Sounds a lot like this masterpiece:
From Wikipedia...
...As a radical departure from the rest of Reed's catalog,
Metal Machine Music is generally considered to be either a joke, a grudging fulfillment of a contractual obligation, or an early example of
noise music. The album features no songs or even recognizably structured compositions, eschewing
melody and
rhythm for an hour of over-modulated
feedback and guitar effects, intricately mixed at varying speeds by Reed himself. In the album's
liner notes he claimed to have invented
heavy metal and asserted that
Metal Machine Music was the ultimate conclusion of that
genre. The album cost Reed credibility in the music industry while simultaneously opening the door for his later, more
experimental material...
....According to Reed (despite the original liner notes), the album entirely consists of
guitar feedback played at different speeds.
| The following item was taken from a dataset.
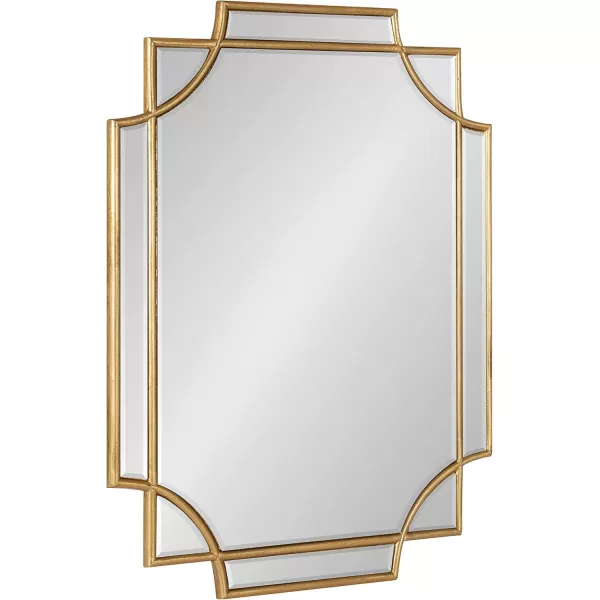 Kate and Laurel Minuette Glam Wall Mirror 24quot x 36quot Black Elegant Traditional Home Decor with A Boho CharmGold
This can be heard clearly if the album is played at 16 rpm with the balance adjusted to hear either the right or left channel only as each appears to be unrelated. The two guitars were tuned in unusual ways and played with different
reverb levels. He would then place the guitars in front of their amplifiers, and the feedback from the very large amps would vibrate the strings — the guitars were, effectively, playing themselves. He recorded the work on a
four-track tape recorder in his New York apartment, mixing the four tracks for
stereo. In its original form, each track occupied one side of an LP record and lasted exactly 16 minutes and 1 second, according to the label. The fourth side ended in a
locked groove that caused the last 1.8 seconds of music to repeat endlessly (as had been done on John Cale's recording of
Loop as a
flexi-disc accompanying an edition of
Aspen in late 1966). The rare
8-track tape version has no silence in between programs, so that it plays continuously without gaps on most players. A
quadraphonic disk was also released by RCA....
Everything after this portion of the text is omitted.